Everything from the line with "Irkın en iyilerinden" to the line with "Cupra Terramar 2.0" in the listing below, both lines included, needs to be copied exactly, apart from the pictures.

**Record set:**
------------------------------------

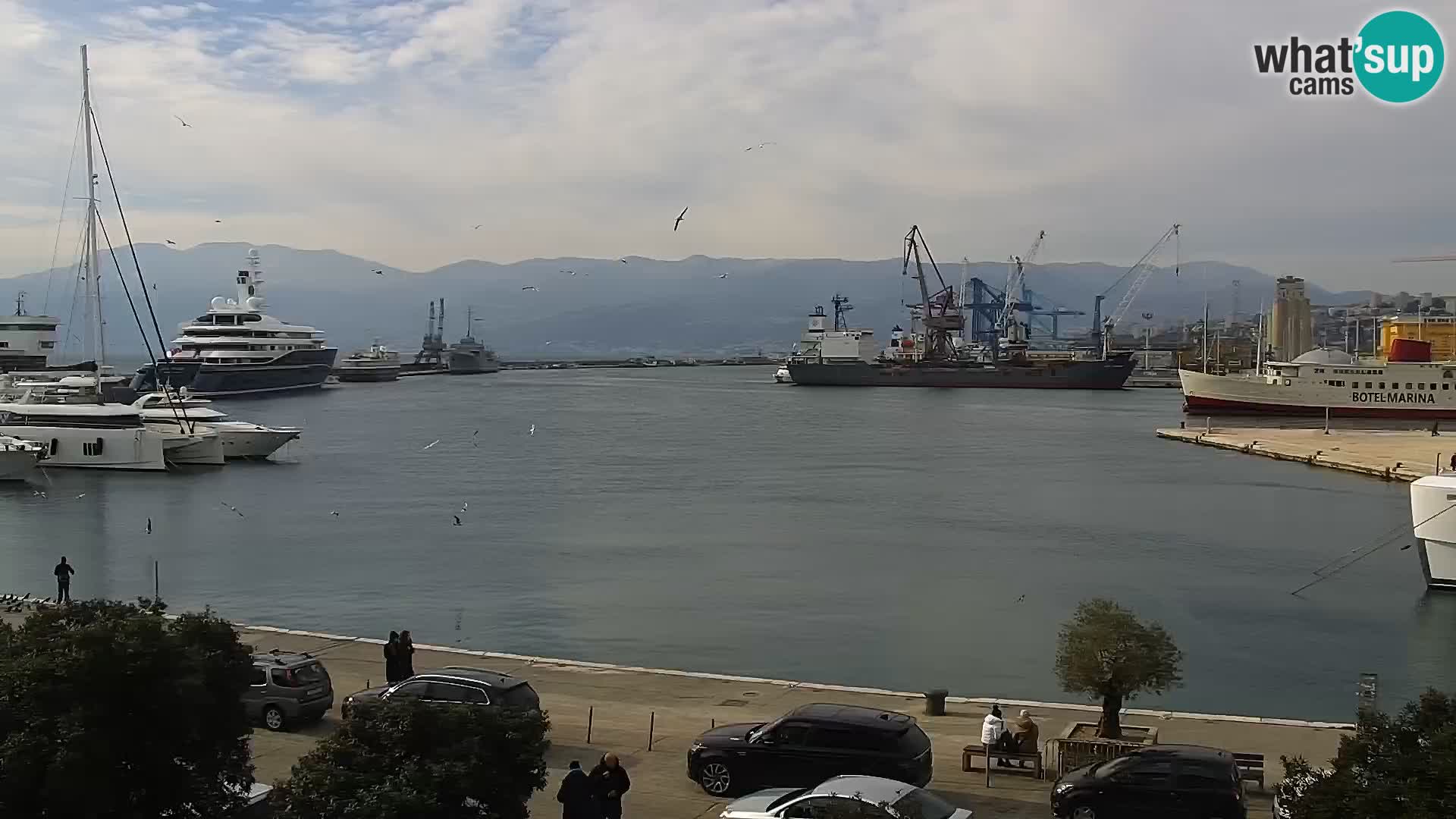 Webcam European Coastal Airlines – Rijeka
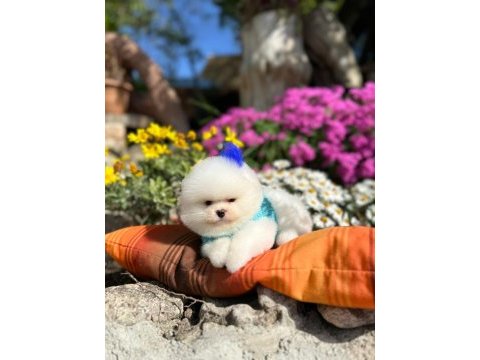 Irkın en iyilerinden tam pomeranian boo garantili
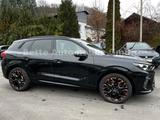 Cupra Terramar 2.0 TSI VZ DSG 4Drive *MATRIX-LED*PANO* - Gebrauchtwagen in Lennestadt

------------------------------------

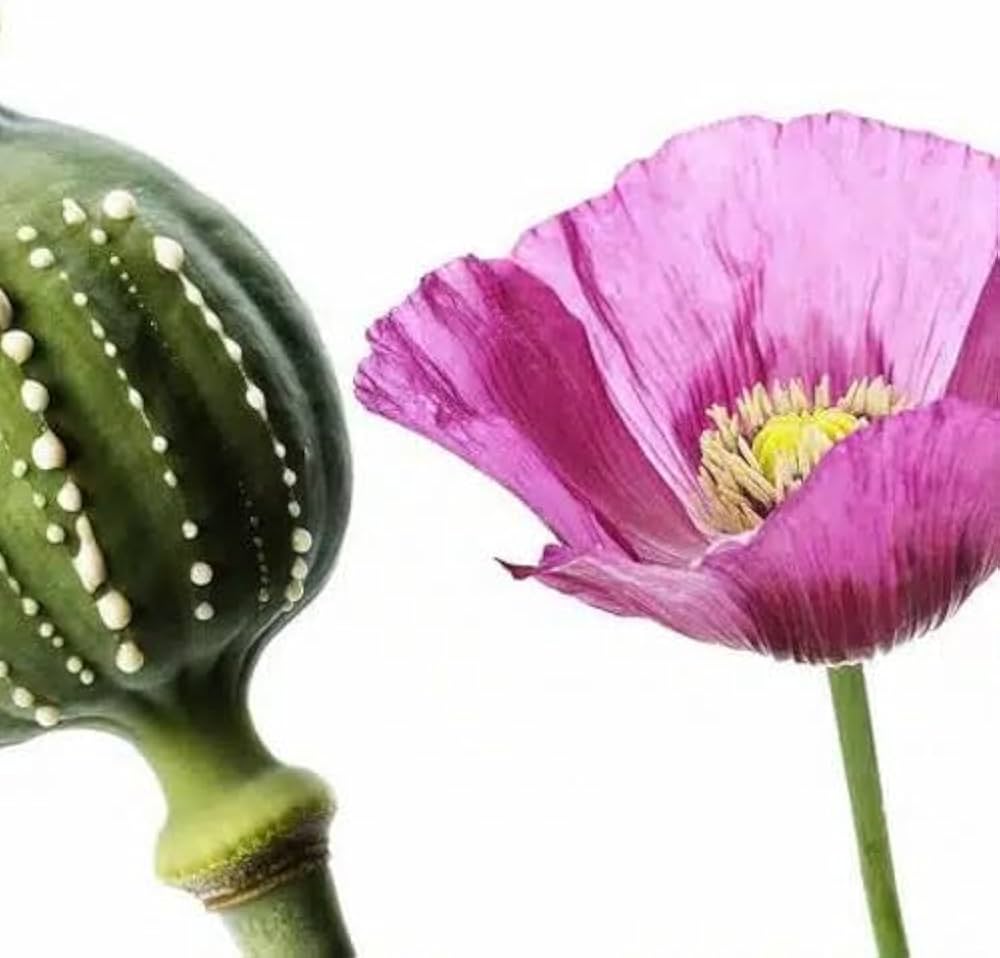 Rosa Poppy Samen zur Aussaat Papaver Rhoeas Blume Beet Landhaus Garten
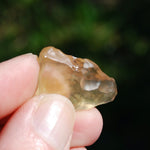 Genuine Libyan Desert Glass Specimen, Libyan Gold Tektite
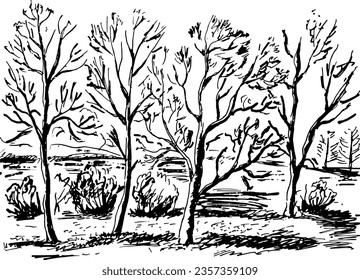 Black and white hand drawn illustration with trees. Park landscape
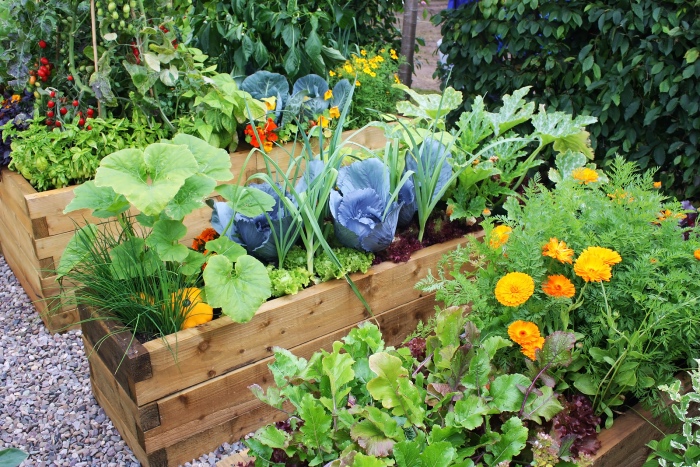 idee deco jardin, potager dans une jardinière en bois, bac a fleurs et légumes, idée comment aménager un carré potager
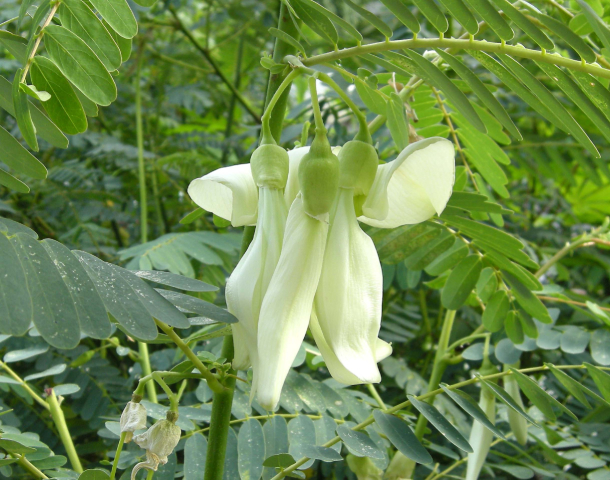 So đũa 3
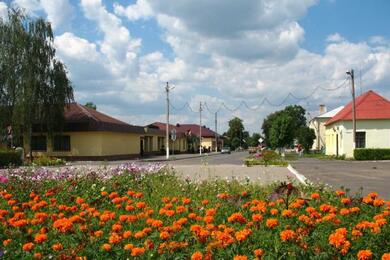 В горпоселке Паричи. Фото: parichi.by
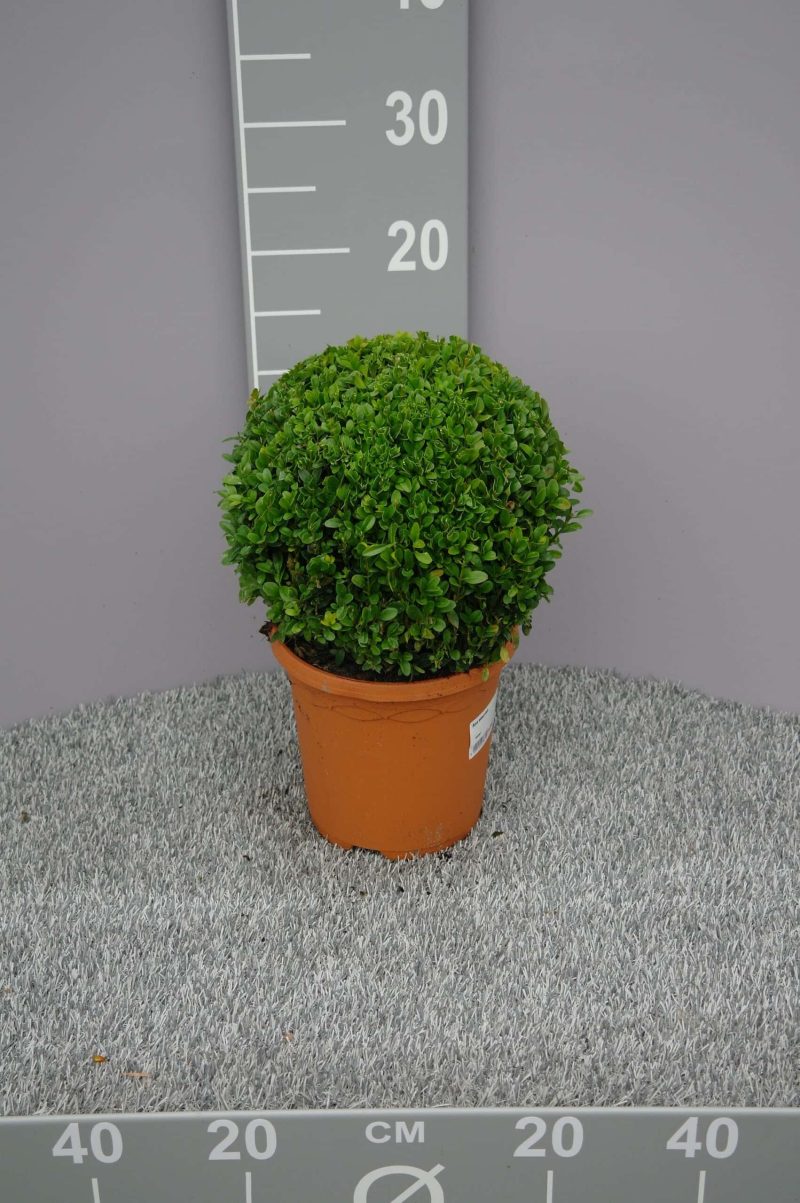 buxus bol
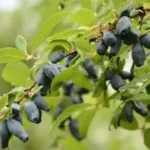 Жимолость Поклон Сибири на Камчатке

------------------------------------

**Written response:**
 Irkın en iyilerinden tam pomeranian boo garantili
 Cupra Terramar 2.0 TSI VZ DSG 4Drive *MATRIX-LED*PANO* - Gebrauchtwagen in Lennestadt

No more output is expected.